MUBench is designed to run detectors on the benchmark projects that come with the it. Nevertheless, you can also use MUBench to run a detector on your own code, with a few simple steps:

  1. Create the folder data/<project>/versions/<version>/compile, with arbitrary names for project and version.

  2. Copy/move your project code into that compile folder.

  3. Create a file data/<project>/project.yml with the content:

    name: <Your Project's Display Name>
    repository:
      type: synthetic
    

    This instructs MUBench to use the compile folder as the project's "repository". Note that MUBench will copy the entire folder in its compile phase.

  4. Create a file data/<project>/versions/<version>/version.yml with the content:

    build:
      src: "<src-root>"
      commands:
        - echo "fake build"
      classes: "<classes-root>"
    misuses: []
    revision: 0
    

    The values for src-root/classes-root are the relative paths to the source/classes folders within the compile folder. If you pre-build your project and, thus, have the classes already available, you have to use the fake-build command above to satisfy MUBench. If you need to execute any commands in order to build the project, you may list these below the commands key. Our Docker container comes with a couple of build tools, such as Maven, Gradle, and Ant, but may not satisfy all your build requirements.
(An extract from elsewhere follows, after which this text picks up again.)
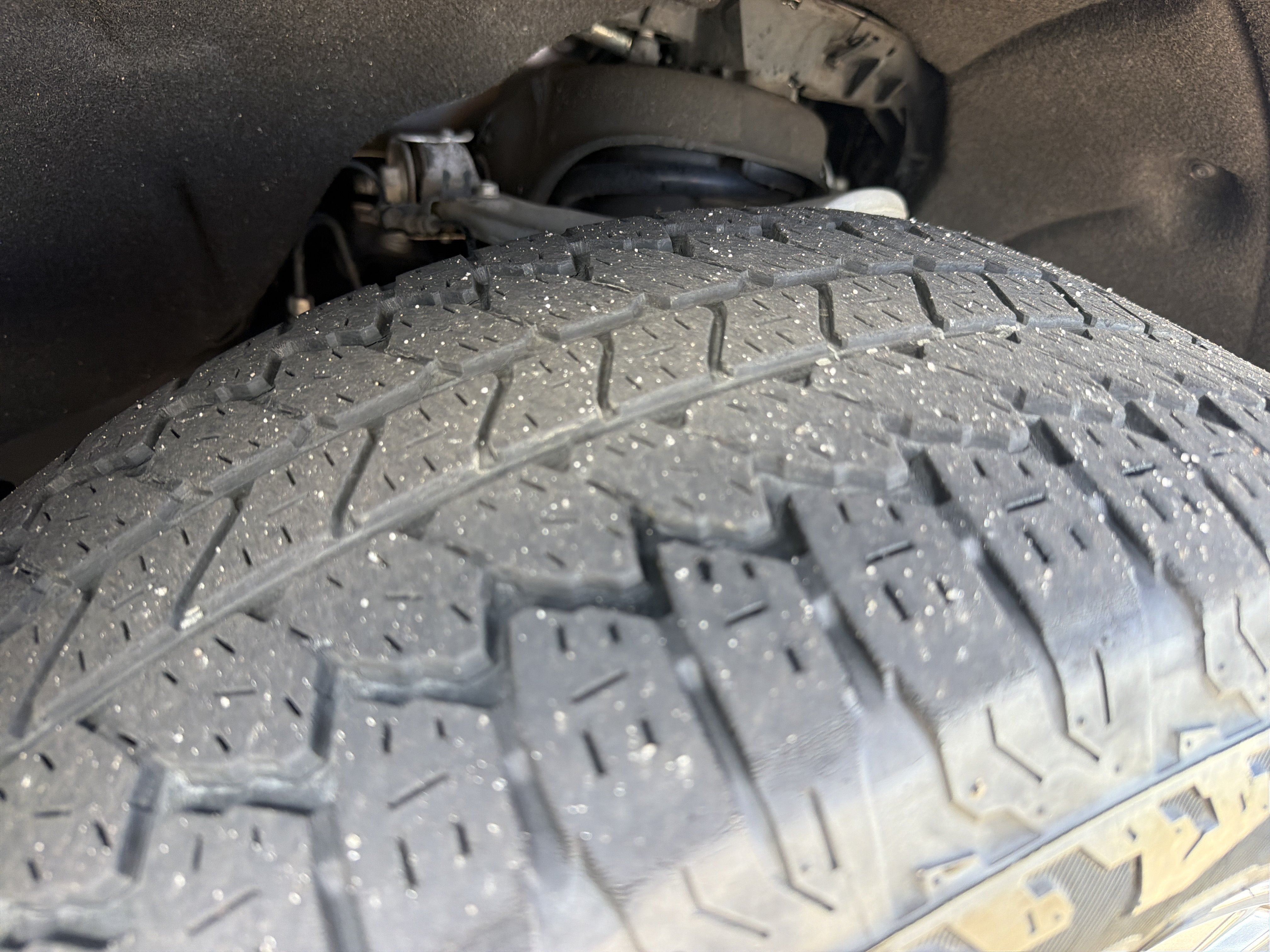 Used 2022 GMC Sierra 1500 Denali AWD/4WD image 12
If you only want to run detectors that work on source code, such as MuDetect, you can stay with the fake build, too.

  5. Run a detector, e.g., MuDetect, with ./mubench detect MuDetect 2 --only <project>.<version>.
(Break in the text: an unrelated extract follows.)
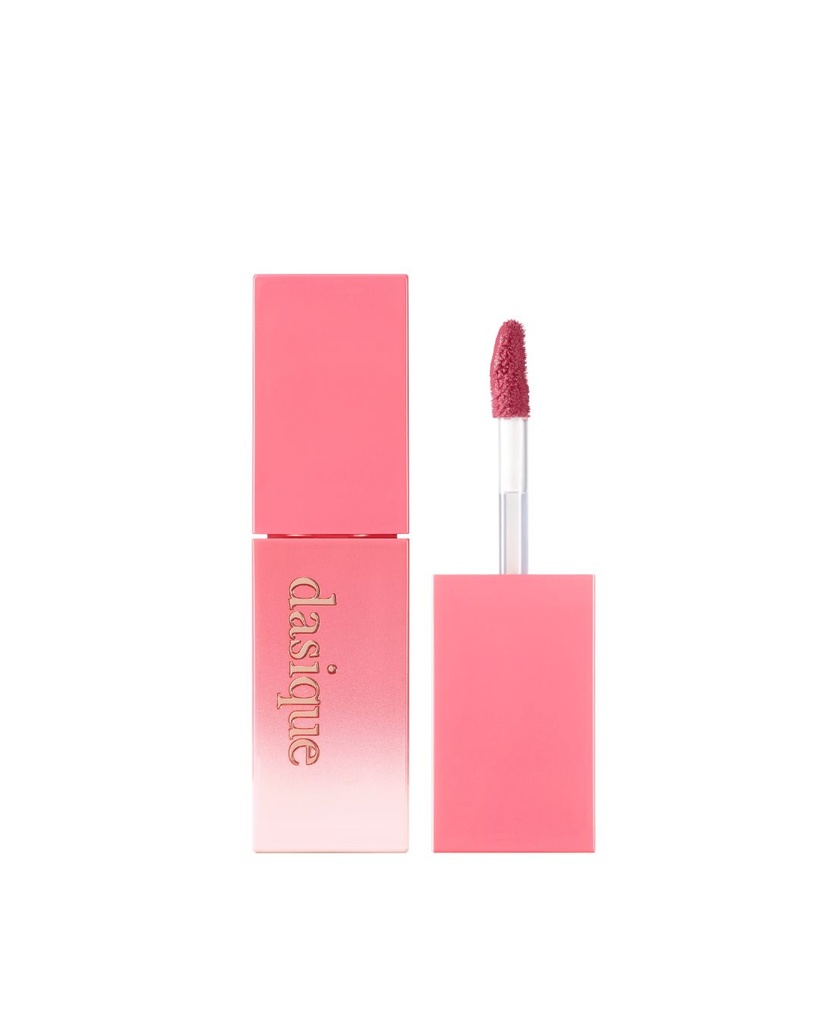 Dasique Juicy Dewy Tint #11 Fig Plum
  6. To upload the results to a review site, run ./mubench publish findings MuDetect 2 --only <project>.<version> -s http://<your-sites.url>/index.php/ -u <username> -p <password> (this will also run detection, if necessary).

Contribute to MUBench

We want MUBench to grow, so please be welcome to contribute to the dataset and add your detectors to the benchmark.

Add Misuses

To contribute to the MUBench dataset, please contact Sven Amann with details about the misuses. For each misuse, please provide

  • A description of the misuse (and its fix).
  • A link to the website of the project you found the misuse in.
  • A link to the project's publicly-readable version-control system, and a commit id to a version with the misuse or, ideally, to the commit that resolves the misuse.
  • The misuse's location (file, method, and misused API).
  • Instructions how to compile the project in the respective version.

Add Detectors

If you have a detector set up for running on MUBench, please contact Sven Amann to have it added to the benchmark.

License

All software provided in this repository is subject to the CRAPL license.

The detectors included in MuBench are subject to the licensing of their respective creators. See the information in the detectors' folders.

The projects referenced in the MuBench dataset are subject to their respective licenses.

The project artwork is subject to the Creative Commons Attribution-ShareAlike 4.0 International (CC BY-SA 4.0).